The canonical training path in this repository is now the upstream OAT README-flash stack. The only active training launchers under ops/ are the baseline DR.GRPO path and the listwise maxent-explorer overlay on top of that same stack.

Canonical Launchers¶

Baseline DR.GRPO:

ops/run_oat_zero_exact_1p5b_upstream.sh
ops/slurm/train_understand_r1_zero_qwen2p5_math_1p5b_r1_readme_flash_node302.slurm

Listwise maxent-explorer:

ops/run_oat_zero_explorer_1p5b_upstream.sh
ops/slurm/train_understand_r1_zero_qwen2p5_math_1p5b_r1_readme_flash_explorer_node302.slurm

Use the baseline wrapper for the exact README-flash OAT setup:

sbatch ops/slurm/train_understand_r1_zero_qwen2p5_math_1p5b_r1_readme_flash_node302.slurm

Use the explorer wrapper for the listwise overlay on the same runtime:

sbatch ops/slurm/train_understand_r1_zero_qwen2p5_math_1p5b_r1_readme_flash_explorer_node302.slurm

Shared Runtime¶

Both launchers share the same runtime and bootstrap path:

upstream checkout: understand-r1-zero/
local python env: var/seed_paper_eval/paper310
launch-time flash-attn overlay
local extension module: oat_zero_ext/listwise.py
patched learner: understand-r1-zero/train_zero_math.py

Before launching, validate the runtime:

python tools/audit_oat_setup.py

Objective Routing¶

The baseline path stays on native OAT DR.GRPO.

objective=grpo
critic_type=drgrpo
prompt_template=r1

The explorer path is opt-in and only changes the learner objective:

objective=maxent_listwise
beta=0.0 by default; raise it only if you want the reference-weight term active
maxent_tau=0.5
maxent_q_temperature=2.0
train_batch_size_per_device=8 so prompt groups stay intact

The shared launcher validates listwise-only constraints before training starts, and the learner validates them again inside the OAT process. See OAT Upstream DR.GRPO for the full set of guardrails.

What Changed¶

The active training surface under ops/ has been reduced to the working OAT stack only. Older experiment orchestration has been retired from the active surface and moved under archive/trl/.
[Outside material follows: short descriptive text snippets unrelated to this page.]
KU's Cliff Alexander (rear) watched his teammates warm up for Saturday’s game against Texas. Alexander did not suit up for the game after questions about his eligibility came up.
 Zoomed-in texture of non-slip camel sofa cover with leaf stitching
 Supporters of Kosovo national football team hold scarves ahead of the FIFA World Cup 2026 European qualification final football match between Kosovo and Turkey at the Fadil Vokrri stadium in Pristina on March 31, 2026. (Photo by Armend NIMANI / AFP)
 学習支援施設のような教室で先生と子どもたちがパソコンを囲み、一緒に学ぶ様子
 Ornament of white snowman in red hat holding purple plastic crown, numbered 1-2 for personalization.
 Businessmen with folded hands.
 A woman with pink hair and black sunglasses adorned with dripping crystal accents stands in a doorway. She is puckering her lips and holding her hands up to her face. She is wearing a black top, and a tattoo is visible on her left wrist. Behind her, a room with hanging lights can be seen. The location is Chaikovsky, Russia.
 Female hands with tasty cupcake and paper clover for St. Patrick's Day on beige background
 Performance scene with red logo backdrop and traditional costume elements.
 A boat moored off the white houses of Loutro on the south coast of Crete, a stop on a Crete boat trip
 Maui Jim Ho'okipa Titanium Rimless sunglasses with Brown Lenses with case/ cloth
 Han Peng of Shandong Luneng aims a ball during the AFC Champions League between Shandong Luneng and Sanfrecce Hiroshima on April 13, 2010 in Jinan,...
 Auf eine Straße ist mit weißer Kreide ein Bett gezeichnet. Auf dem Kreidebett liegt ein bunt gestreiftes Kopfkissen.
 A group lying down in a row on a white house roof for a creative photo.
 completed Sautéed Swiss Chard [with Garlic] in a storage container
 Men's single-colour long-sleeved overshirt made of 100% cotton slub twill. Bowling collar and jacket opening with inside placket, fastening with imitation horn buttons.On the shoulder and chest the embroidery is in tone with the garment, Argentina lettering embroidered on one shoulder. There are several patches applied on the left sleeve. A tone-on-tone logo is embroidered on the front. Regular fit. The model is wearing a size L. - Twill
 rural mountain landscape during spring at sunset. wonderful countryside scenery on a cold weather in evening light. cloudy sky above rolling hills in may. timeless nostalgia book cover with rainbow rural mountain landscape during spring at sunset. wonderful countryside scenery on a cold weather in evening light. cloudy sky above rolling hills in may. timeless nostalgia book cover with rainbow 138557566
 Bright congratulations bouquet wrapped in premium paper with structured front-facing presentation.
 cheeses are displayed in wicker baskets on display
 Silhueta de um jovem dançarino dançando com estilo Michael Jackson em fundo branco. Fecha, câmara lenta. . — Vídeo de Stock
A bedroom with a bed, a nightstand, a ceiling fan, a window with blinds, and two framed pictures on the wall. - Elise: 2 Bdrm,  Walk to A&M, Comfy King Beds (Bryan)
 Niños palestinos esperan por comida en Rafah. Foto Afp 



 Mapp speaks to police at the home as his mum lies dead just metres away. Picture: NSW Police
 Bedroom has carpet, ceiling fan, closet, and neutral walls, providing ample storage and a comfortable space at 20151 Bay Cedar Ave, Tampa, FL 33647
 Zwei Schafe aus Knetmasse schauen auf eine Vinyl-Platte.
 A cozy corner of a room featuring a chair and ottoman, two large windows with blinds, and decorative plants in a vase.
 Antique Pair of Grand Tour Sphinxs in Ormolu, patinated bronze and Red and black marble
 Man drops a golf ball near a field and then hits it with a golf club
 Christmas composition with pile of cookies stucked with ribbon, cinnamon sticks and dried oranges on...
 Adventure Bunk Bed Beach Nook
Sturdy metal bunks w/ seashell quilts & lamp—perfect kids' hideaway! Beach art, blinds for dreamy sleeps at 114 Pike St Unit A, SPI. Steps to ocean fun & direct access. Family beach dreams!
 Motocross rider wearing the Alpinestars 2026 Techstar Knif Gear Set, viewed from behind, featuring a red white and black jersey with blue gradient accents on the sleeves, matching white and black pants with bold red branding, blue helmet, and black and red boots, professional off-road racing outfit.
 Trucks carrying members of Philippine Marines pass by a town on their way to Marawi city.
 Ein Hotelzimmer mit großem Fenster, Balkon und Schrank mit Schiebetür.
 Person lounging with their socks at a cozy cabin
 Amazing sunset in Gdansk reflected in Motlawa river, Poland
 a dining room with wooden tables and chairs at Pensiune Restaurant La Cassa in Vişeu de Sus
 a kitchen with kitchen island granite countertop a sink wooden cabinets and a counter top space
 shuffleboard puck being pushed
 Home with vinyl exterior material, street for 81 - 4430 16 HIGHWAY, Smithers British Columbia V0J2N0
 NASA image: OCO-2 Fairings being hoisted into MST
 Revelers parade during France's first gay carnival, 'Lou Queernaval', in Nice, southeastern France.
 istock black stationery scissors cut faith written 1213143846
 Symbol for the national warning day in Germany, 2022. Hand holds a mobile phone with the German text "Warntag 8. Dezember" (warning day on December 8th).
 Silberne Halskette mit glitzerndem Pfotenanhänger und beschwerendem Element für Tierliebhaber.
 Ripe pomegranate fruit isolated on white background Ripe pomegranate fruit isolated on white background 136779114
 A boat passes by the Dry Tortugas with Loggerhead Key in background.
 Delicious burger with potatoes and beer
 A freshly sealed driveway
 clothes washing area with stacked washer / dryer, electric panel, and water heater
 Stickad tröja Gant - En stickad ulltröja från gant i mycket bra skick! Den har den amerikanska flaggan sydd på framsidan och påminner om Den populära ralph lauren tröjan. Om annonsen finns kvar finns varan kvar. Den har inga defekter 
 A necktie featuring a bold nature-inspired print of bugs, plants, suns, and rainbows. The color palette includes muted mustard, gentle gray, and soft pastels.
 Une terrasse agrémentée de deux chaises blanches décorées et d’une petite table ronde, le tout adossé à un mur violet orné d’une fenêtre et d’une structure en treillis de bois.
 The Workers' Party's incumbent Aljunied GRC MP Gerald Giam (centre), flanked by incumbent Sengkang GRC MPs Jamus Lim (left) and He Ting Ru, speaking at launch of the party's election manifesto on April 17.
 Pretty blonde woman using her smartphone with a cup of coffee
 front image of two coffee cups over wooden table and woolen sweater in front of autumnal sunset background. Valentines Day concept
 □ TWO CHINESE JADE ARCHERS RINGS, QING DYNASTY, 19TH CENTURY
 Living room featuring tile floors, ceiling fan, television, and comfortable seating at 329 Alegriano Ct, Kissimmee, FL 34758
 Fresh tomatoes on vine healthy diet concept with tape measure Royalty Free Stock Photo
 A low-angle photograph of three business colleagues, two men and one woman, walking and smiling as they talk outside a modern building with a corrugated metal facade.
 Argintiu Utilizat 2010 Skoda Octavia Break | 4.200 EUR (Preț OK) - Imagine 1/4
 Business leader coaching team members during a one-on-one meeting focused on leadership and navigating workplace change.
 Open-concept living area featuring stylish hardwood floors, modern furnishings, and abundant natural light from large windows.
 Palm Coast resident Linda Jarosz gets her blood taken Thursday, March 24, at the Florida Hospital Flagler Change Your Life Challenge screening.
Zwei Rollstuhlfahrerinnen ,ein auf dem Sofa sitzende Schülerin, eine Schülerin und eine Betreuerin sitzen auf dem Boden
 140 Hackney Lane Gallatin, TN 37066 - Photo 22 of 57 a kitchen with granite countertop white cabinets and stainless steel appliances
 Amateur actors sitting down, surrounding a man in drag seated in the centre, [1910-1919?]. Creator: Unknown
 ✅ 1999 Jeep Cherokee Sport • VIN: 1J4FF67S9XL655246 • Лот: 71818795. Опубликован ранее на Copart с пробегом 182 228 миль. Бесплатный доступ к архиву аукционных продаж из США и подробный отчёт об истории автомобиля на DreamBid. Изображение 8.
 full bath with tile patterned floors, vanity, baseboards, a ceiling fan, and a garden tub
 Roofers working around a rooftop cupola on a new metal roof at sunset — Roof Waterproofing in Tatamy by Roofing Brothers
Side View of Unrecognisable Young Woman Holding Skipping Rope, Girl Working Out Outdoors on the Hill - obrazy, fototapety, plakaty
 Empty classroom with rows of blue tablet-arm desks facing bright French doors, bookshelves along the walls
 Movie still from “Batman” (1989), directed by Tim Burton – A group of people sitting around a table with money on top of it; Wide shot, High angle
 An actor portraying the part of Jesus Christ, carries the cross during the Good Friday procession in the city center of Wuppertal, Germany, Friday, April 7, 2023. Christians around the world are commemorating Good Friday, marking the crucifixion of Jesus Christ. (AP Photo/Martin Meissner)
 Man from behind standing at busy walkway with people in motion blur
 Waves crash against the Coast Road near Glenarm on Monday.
Archived material includes:

older TRL/Hydra orchestration wrappers
retired Slurm launchers for those wrappers
pre-canonical pure OAT launchers that used older layouts or assumptions

Archive Location¶

archive/trl/ops/
archive/trl/ops/slurm/

Those files are preserved for reference, but they are no longer the canonical way to launch training from this repository.